EXERCISE: Give back the whole listing word for word and skip each picture.

SUPPLIED INFORMATION:
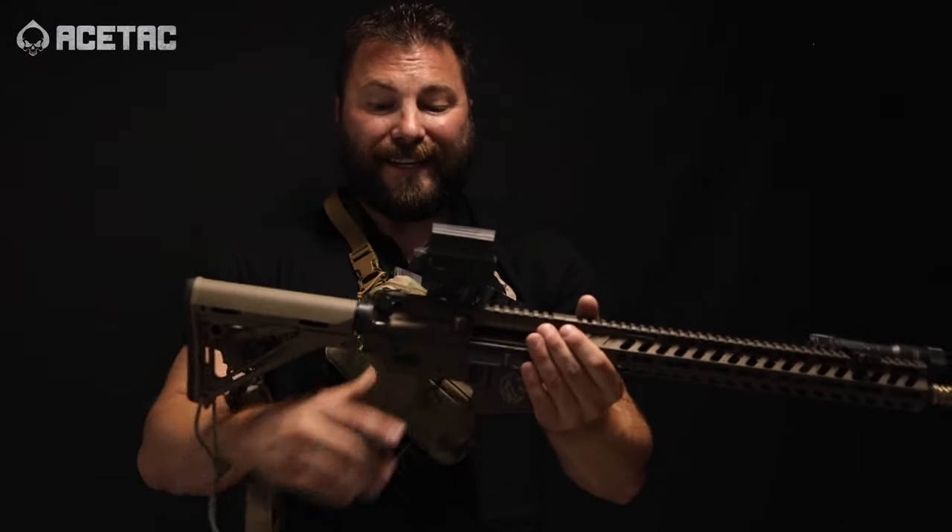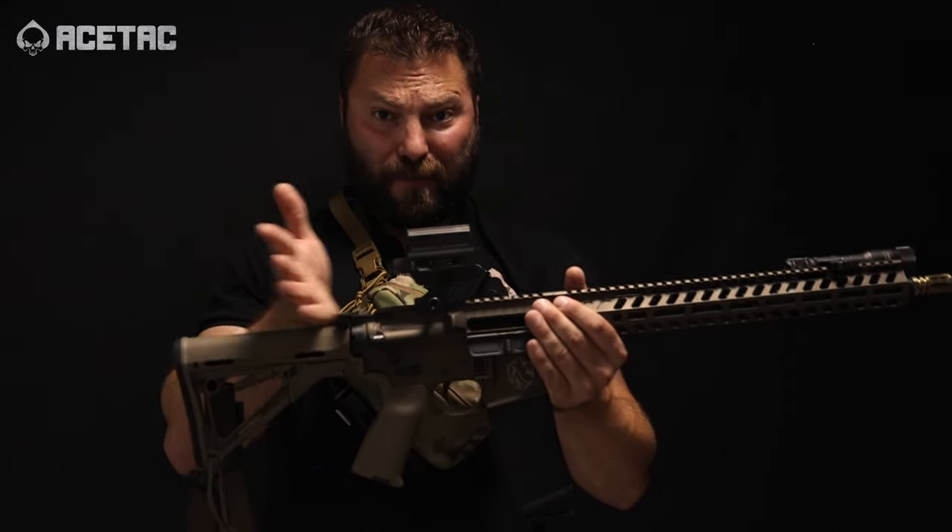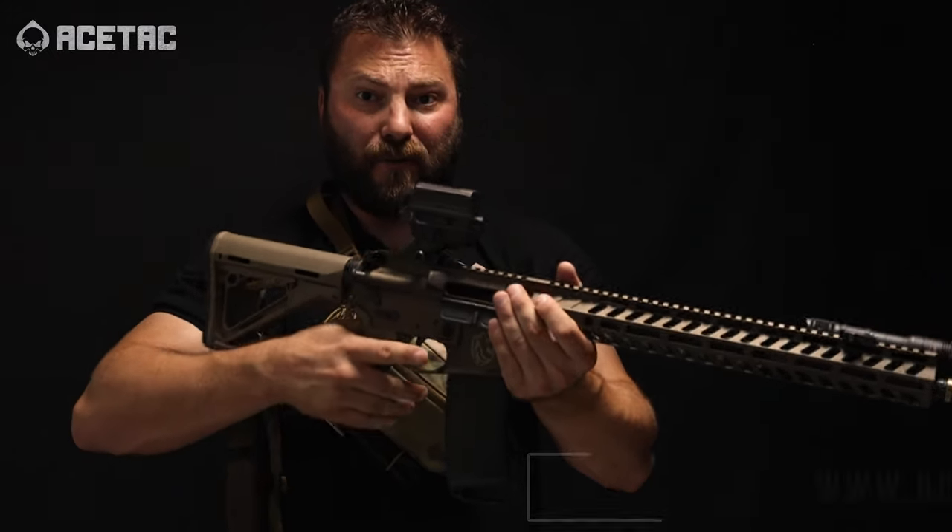Wolfpack Armory AR-15, it is clear for demonstration purposes. I'm going to show you real quick. I run this orientation in my Swag Pack from AceTech.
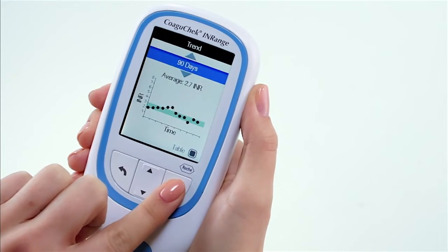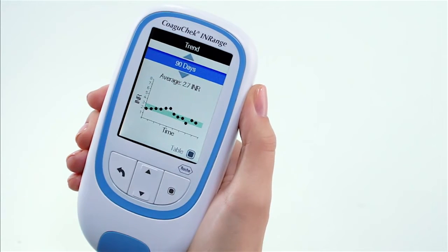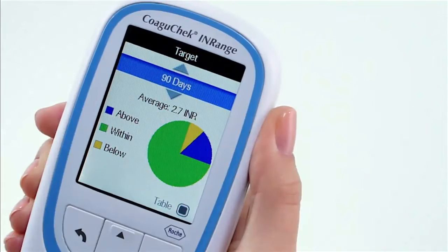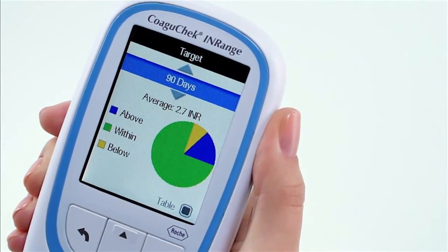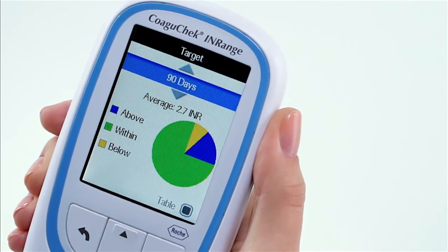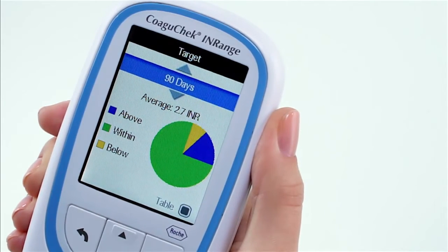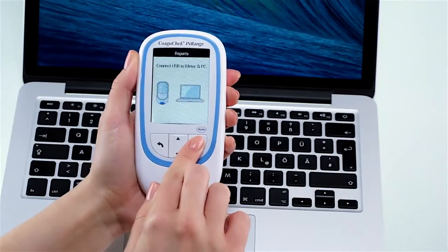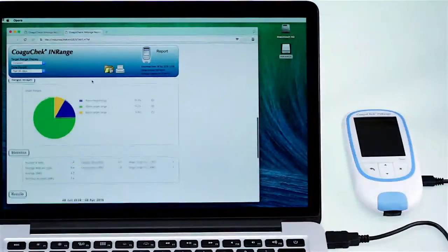Let's review the COAGUCHECK INRANGE and what it can do for you. The COAGUCHECK INRANGE enables you to track your time in range by graphically displaying how many times you have been within, above, or below your target therapeutic range. You can view your results on a PC by connecting your device via USB cable.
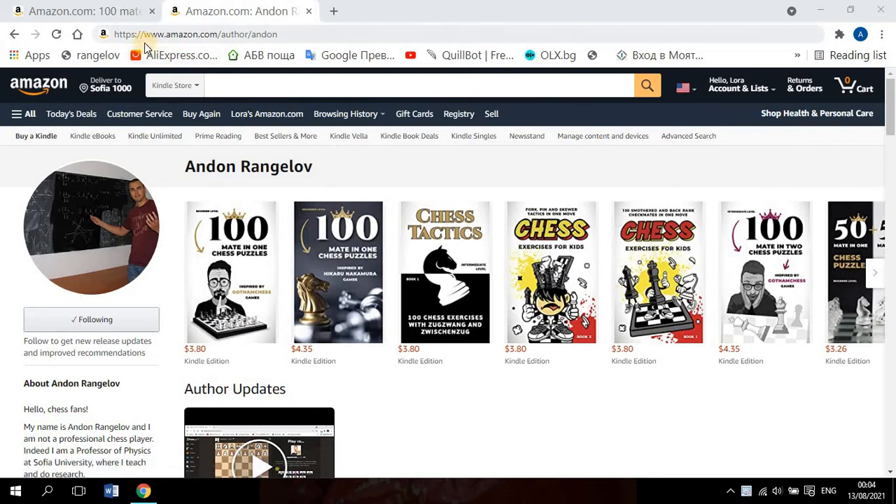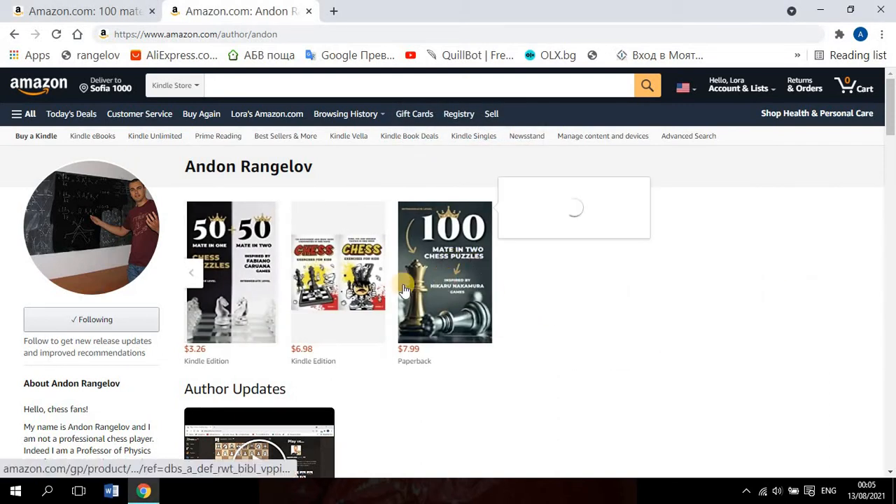You can go and see my books at www.amazon.com/author/Anton — I'll put the link below. These are the Kindle edition, but you can also order them in paper, so they are paperback as well.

OUTPUT:
Wolfpack Armory AR-15, it is clear for demonstration purposes. I'm going to show you real quick. I run this orientation in my Swag Pack from AceTech.
Let's review the COAGUCHECK INRANGE and what it can do for you. The COAGUCHECK INRANGE enables you to track your time in range by graphically displaying how many times you have been within, above, or below your target therapeutic range. You can view your results on a PC by connecting your device via USB cable.
You can go and see my books at www.amazon.com/author/Anton — I'll put the link below. These are the Kindle edition, but you can also order them in paper, so they are paperback as well.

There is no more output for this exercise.